Banham Group: Haemato-Oncology Group

Monoclonal Antibodies

Historically, we are experts in the production, characterisation and validation of monoclonal antibodies (mAbs). We are one of the founding members of EuroMabNet, a European network of laboratories involved in the production of mAbs. We have contributed to guidelines for antibody validation, and are also involved in running international workshops to teach young scientists how to approach this effectively.

Novel Immunotherapy Development

We aim to use mAbs to identify new diagnostic and prognostic biomarkers, and as novel cancer therapies. Our most recently developed anti-Jagged1 therapeutic mAbs target the tumour vasculature and inhibit Notch signalling in both solid tumours and haematological malignancies. We are also developing TCR mimic (TCRm) mAbs. These combine the ability of mAbs to bind targets with high affinity and specificity with the ability of T-cell receptors to recognise short peptides derived from intracellular proteins that are presented on the cell surface by major histocompatibility (MHC) class I. This expands the repertoire of antibody targets beyond that of classical cell surface molecules. We are currently evaluating the efficacy and specificity of novel TCRm antibodies against the p53 oncosuppressor. 

Transcription Factor Biology

We also study the biology of transcription factors whose expression is clinically relevant in B-cell lymphomas and multiple myeloma. Both B-cell lymphomas and myeloma are tumours derived from B-cells; B-cell lymphomas can reflect different stages of normal B-lymphocyte maturation, whereas myeloma is derived from terminally-differentiated plasma cells. There are many different types of lymphoma that need to be accurately identified in order to provide the most appropriate therapy, and we are especially interested in mature B-cell lymphomas. Diffuse large B-cell lymphoma (DLCBL) is the most common subtype and there is a need to improve currently available therapies as many patients still die of this aggressive disease.

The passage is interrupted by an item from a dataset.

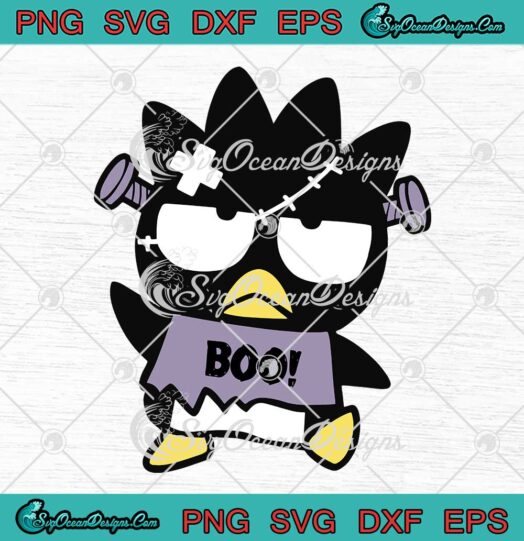 Badtz-Maru Hello Kitty Halloween SVG - Scary Badtz-Maru Boo SVG PNG EPS DXF PDF, Cricut File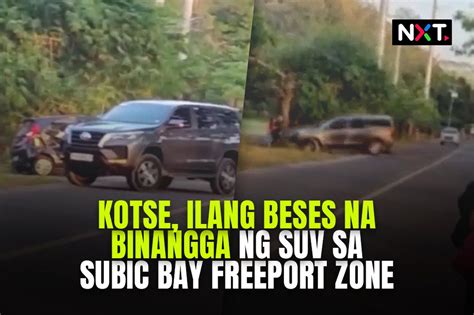 Kotse, ilang beses na binangga ng SUV sa Subic | ABS-CBN News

Our group has a particular interest in understanding the role of de-regulated transcription factors in lymphoma, especially the FOXP family of forkhead transcription factors. We have shown that FOXP1 expression is significantly associated with patients’ survival of DLBCL, and can repress antigen presentation in high-risk DLBCL. We are currently using CRISPR/Cas9-mediated genome engineering to silence FOXP1 isoforms in order to further explore the role of FOXP1 in tumour immune surveillance. We are also interested in the role of FOXP2 and whether it has an overlapping or a reciprocal function with FOXP1 in DLBCL and myeloma. Although we primarily study haematological malignancies, we also extend our studies into other types of cancer when this is appropriate.

In addition to the FOXP family, the cancer-testis antigen (CTA) PASD1 is also actively being studied. CTAs represent particularly attractive immunotherapy targets because they are expressed in tumours while their normal tissue expression is restricted to the testis. Our lab identified PASD1 as immunogenic in patients with DLBCL, and we recently demonstrated that it plays a role in regulating the circadian clock. The circadian clock enables living organisms to coordinate the timing of their biology and behaviour with a daily day-night cycle. PASD1 also represents a potential therapeutic target for lymphoma and myeloma.